## WHAT THE TASK ASKS
Every picture is to be removed, and all the data is to be copied exactly.

## INFORMATION SUPPLIED
====

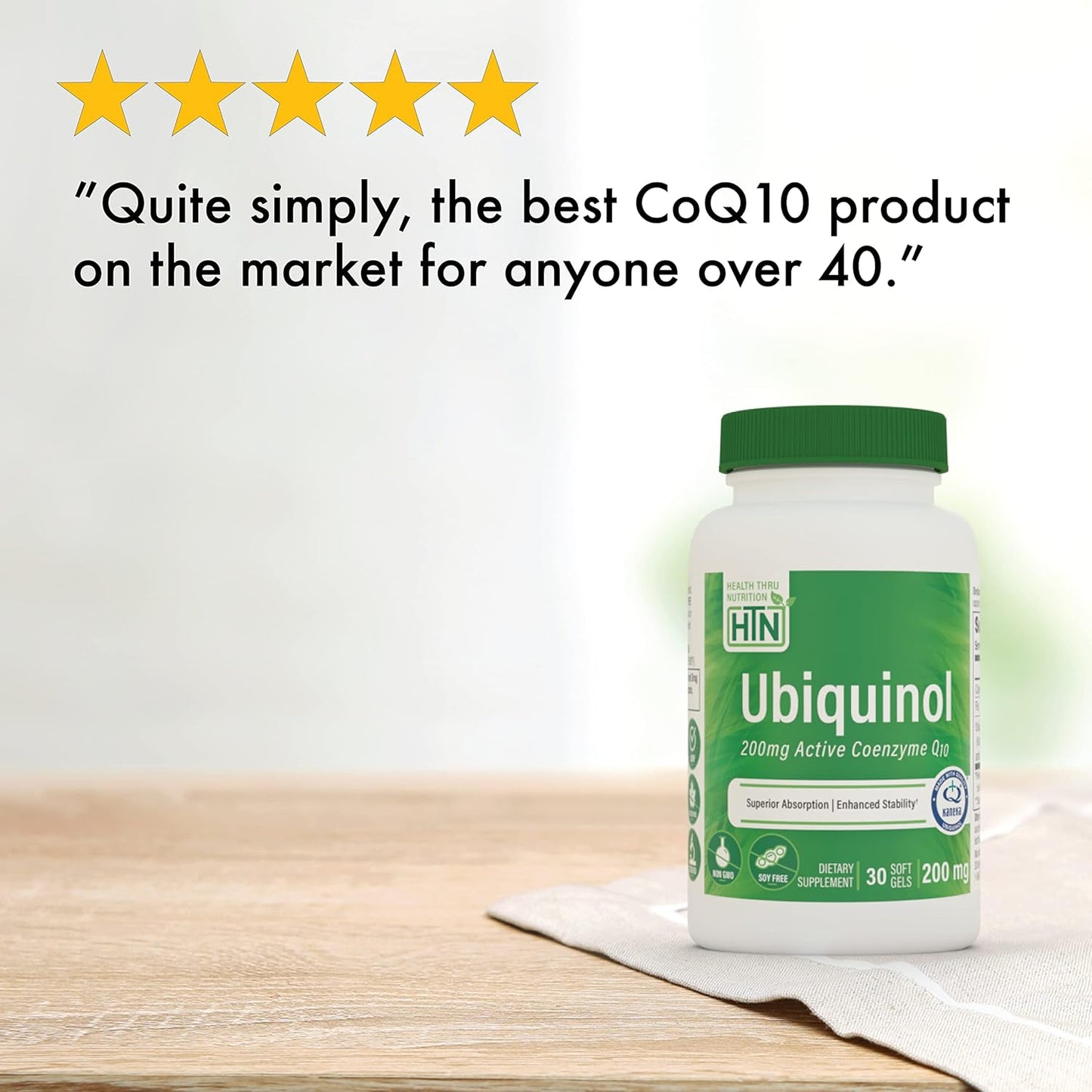 Ubiquinol 200mg Softgels with Kaneka QH CoQ-10 | Enhanced Bioavailability for Cardio & Mitochondria Health | Non-GMO - 30ct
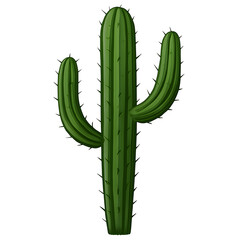 Naklejka premium Majestic Green Cactus An Icon of the Desert Transparent Background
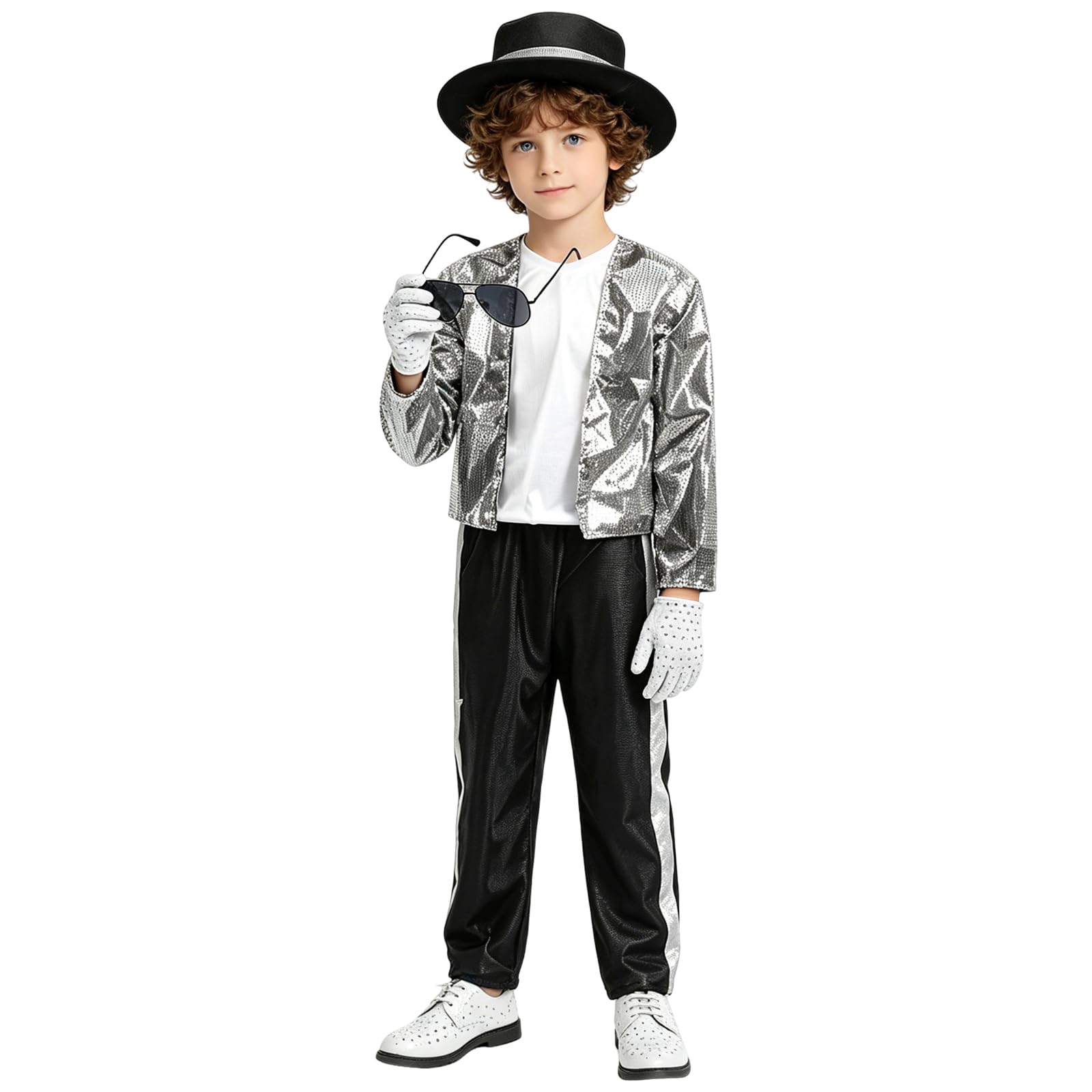 Child King of Pop Musician Costume 7-Piece Set Sequin Jacket Striped Pants with Hat Sunglasses Gloves and T-Shirt 80s 90s Music Icon for Halloween Party Stage Performance and Fancy Outfits for Boys — image 1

====

## SOLUTION
 Ubiquinol 200mg Softgels with Kaneka QH CoQ-10 | Enhanced Bioavailability for Cardio & Mitochondria Health | Non-GMO - 30ct
 Naklejka premium Majestic Green Cactus An Icon of the Desert Transparent Background
 Child King of Pop Musician Costume 7-Piece Set Sequin Jacket Striped Pants with Hat Sunglasses Gloves and T-Shirt 80s 90s Music Icon for Halloween Party Stage Performance and Fancy Outfits for Boys — image 1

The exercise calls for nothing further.